_Problem to solve_:
Your answer should be the lines from the one with "Niceboy Office M10" to the end of the data below, both included, exact and free of pictures.
—————
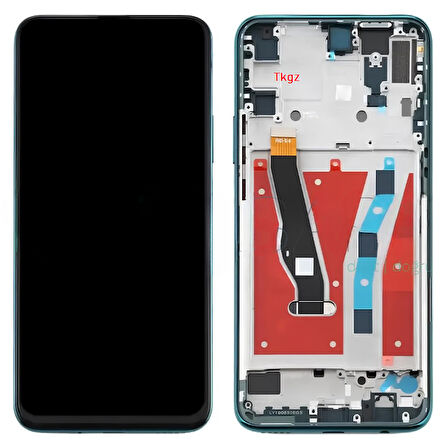 Tkgz - Huawei Y9 Prime 2019 Uyumlu Lcd Ekran Dokunmatik Orijinal ÇITALI YEŞİL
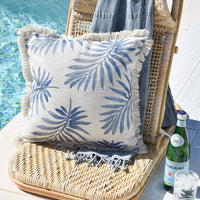 Cushion Cover-Coastal Fringe-Koh Samui-45cm x 45cm Kings Warehouse 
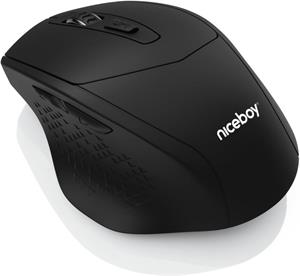 Niceboy Office M10 Ergonomic bezdrôtová myš, čierna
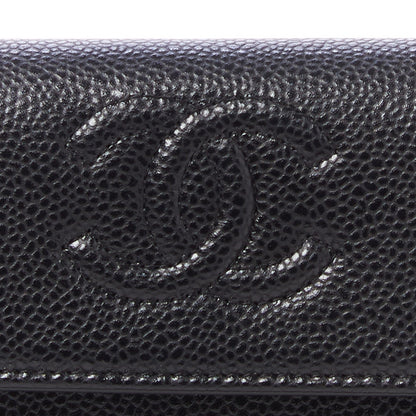 Chanel Caviar Timeless CC Large Gusset Flap Wallet Black 5 of 9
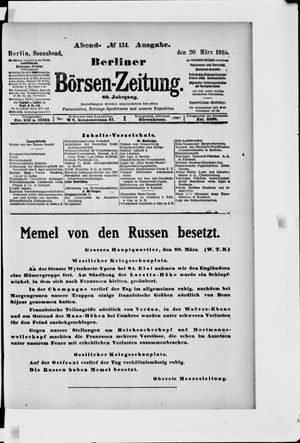 Berliner Börsen-Zeitung vom 20.03.1915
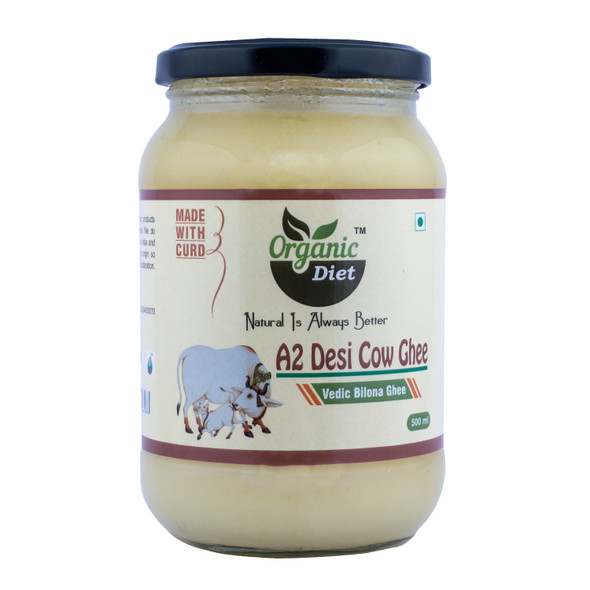 A2 Desi Cow Ghee | By Organic Diet | 16.91 fl Oz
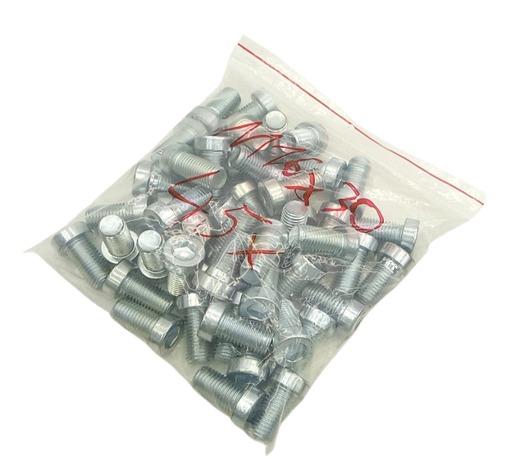45x M16x30 Sechskantschraube DIN 933 M16×30 verzinkt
—————
_Task result_:
 Niceboy Office M10 Ergonomic bezdrôtová myš, čierna
 Chanel Caviar Timeless CC Large Gusset Flap Wallet Black 5 of 9
 Berliner Börsen-Zeitung vom 20.03.1915
 A2 Desi Cow Ghee | By Organic Diet | 16.91 fl Oz
45x M16x30 Sechskantschraube DIN 933 M16×30 verzinkt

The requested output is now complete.